The museum's collection holds more than 5,000 individual specimens, representing more than 600 meteorites. The star sample of the collection is a half-ton meteorite found in a farmer's field in Kansas.
"It's the second largest stony meteorite ever recovered," Newsom said. "It's called Norton County (they're named after where they're found). It came from an asteroid that melted 4.5 million years ago. That's a very interesting sample."
The museum also has a tiny sample from Mars.
Assistant curator Barbara Cohen, who has made two trips to Antarctica to search for meteorites, said there are misconceptions about them - one being that they land fiery hot.
"When the rock comes through the atmosphere, it heats up the outside, but the inside doesn't get hot," Cohen said. "The inside stays cold, so a lot of times, when you find it when it just lands, it's got frost on it. Most people think that it comes in, and it's steaming hot. We get that all the time."
She said that the other day, a man brought in a sample he claimed was found still hot.
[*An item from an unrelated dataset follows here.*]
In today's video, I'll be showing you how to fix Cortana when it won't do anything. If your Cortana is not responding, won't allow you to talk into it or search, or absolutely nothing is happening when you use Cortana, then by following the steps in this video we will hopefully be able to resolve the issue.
"He brought me a piece of coal and said he saw it fall out of the sky," Cohen said. "I said, 'I have no explanation for why a piece of coal fell out of the sky and was sizzling hot. But it's not a meteorite, sorry.'"
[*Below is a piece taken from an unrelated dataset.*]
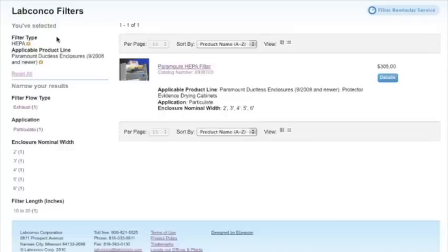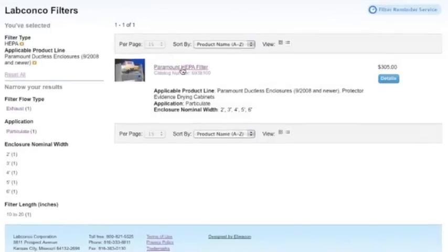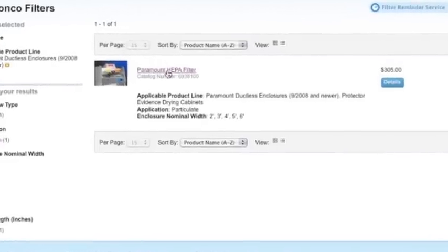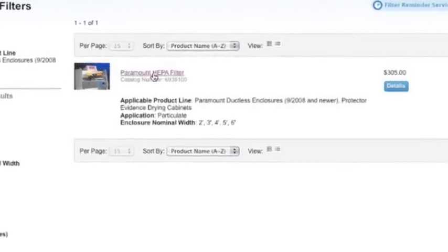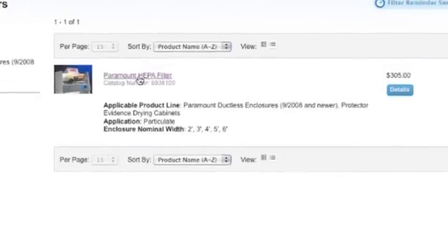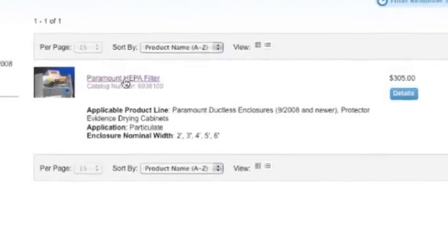In just two steps, the correct filter has been found. Details and purchasing information can be found by clicking on the filter name or the blue details button.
They're also irregularly shaped in general.
"Sometimes people bring in these totally round and smooth things, but meteorites aren't like that," she said. "They're kind of lumpy."
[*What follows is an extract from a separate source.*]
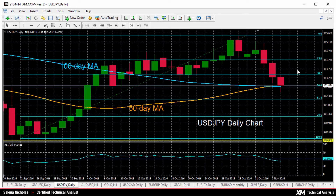A break above this could see prices target next resistance at 104.24, and that's the 23.6% Fibonacci. Clearing this barrier could see a shift in the current bearish short-term outlook.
Also, they contain nickel-iron metal flakes that attract weak refrigerator magnets.
"That's one of the key signs," Newsom said. "Unfortunately, they're very rare. Only about one in 100 samples people bring in actually turn out to be meteorites. You have to be careful that it's metal and not crystals."
Cohen said all the original elements and pieces of the solar system are packed into one
meteorite.
"If you're not so interested in rocks, it may not make that big a connection," Cohen said of the museum. "But these rocks are so old. They're older than anything on the earth, because the earth has plate tectonics and erosion and water and wind and stuff like that.
And asteroids and on the moon, they don't have that. These rocks are so old - they're from the very beginning of the solar system."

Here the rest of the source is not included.